10. « Je suis le Seigneur, votre Dieu »


      En général, l'Église ne s'est pas beaucoup préoccupée d'entrer d'une manière analytique dans les détails du phénomène de la magie: cependant, la condamnation de celle-ci a été constante et sans équivoque, en accord avec ce qu'enseigne l'Écriture Sainte. On connaît l'extrême dureté de l'Ancien Testament contre qui pratique la magie (cf. Ex 22, 17; Lv 20, 27). La raison de tant de sévérité réside dans le fait que la magie est un refus du Dieu unique et vrai: « Ne vous tournez pas vers les spectres et ne recherchez pas les devis; ils vous souilleraient. Je suis le Seigneur, votre Dieu » (Lv 19, 31). « Celui qui s'adressera aux spectres et aux devins pour se prostituer à leur suite, je me tournerai contre cet homme-là et je le retrancherai du milieu de mon peuple... car je suis le Seigneur, votre Dieu » (Lv 20, 6-7). Dans la vision biblique, la magie représente un acte d'apostasie du Seigneur, unique sauveur de son peuple (cf. Dt 13, 6) et équivaut à un geste de rébellion à l'égard de Dieu et de sa Parole (cf. 1 Sm 15, 23). « Moi, je suis le Seigneur, et en dehors de moi il n'y a pas de sauveur.

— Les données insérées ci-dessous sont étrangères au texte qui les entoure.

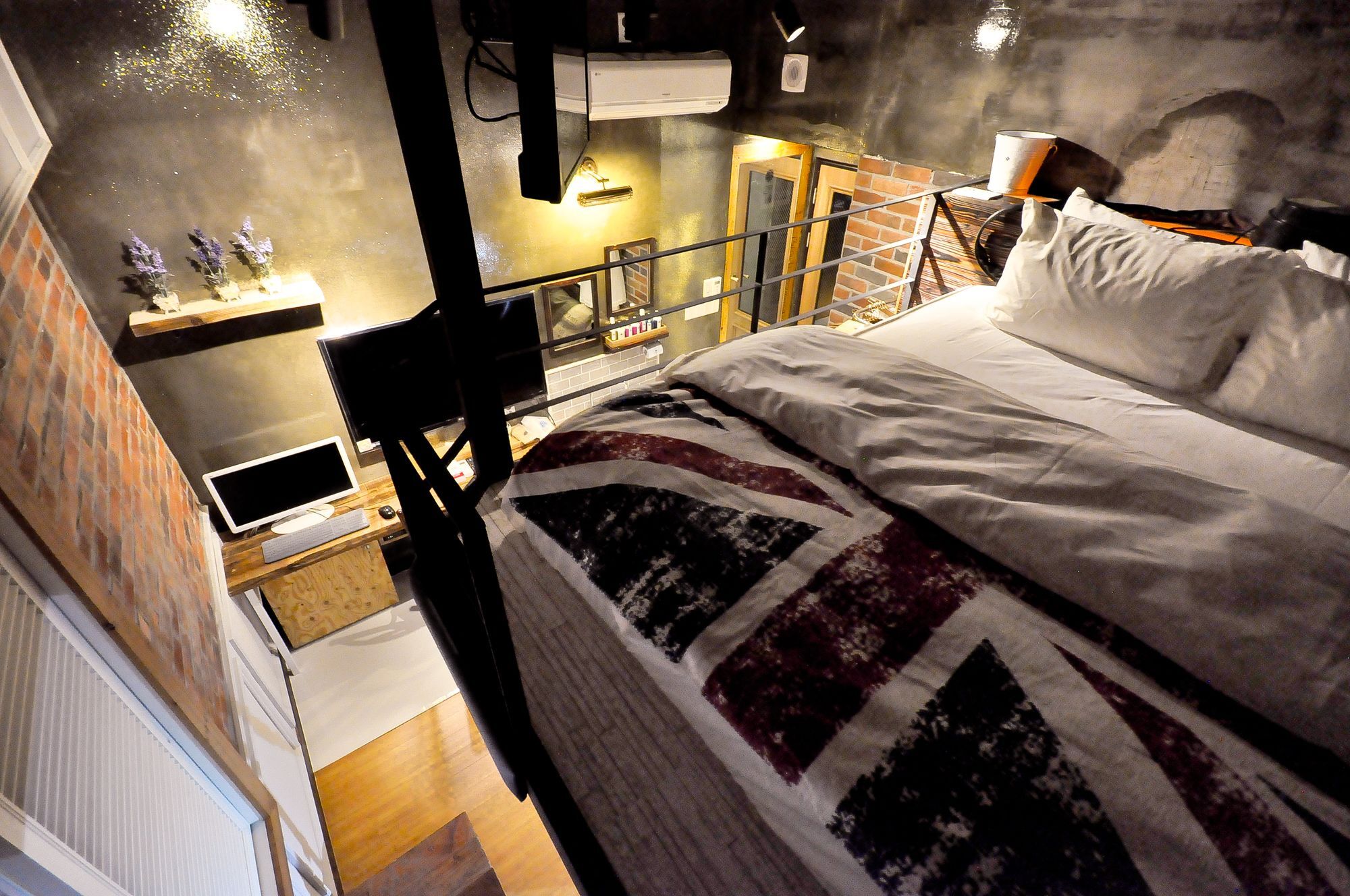 February Hotel Hwanggeum Daegu Zewnętrze zdjęcie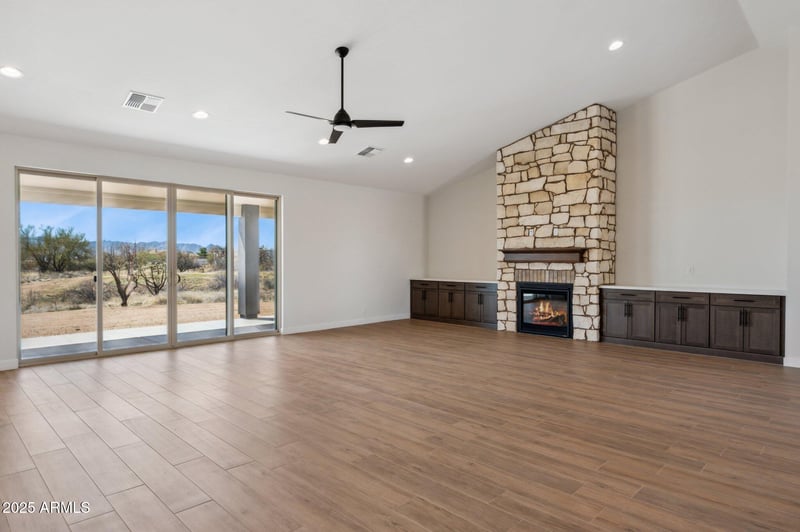 31625 Misty Ln, San Tan Valley, AZ 85144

C'est moi qui ai révélé, sauvé et fait entendre » (Is 43, 11-12). Une chose est la prophétie, annonciatrice du salut du Seigneur, autre chose sont les présages des devins et des magiciens, porteurs de fausseté et de tromperie (cf. Jr 27, 9; 29, 8; Is 44, 25; 47, 12-15). S'adonner à la magie, c'est comme s'adonner à la prostitution. « Mon peuple consulte son morceau de bois, c'est son bâton qui le renseigne; car un esprit de prostitution les égare, et ils se prostituent, s'éloignant de leur Dieu » (Os 4, 12; Is 2, 6; 3, 2-3). Le Livre de la Sagesse souligne ironiquement combien les rites magiques, au lieu de sauver, conduisent à une situation encore pire. « Les artifices de l'art magique demeurent impuissants et sa prétention à l'intelligence est honteusement confondue, car ceux qui promettaient de bannir de l'âme malade des terreurs et les troubles sont eux-mêmes malades d'une peur ridicule » (Sg 17, 7-8)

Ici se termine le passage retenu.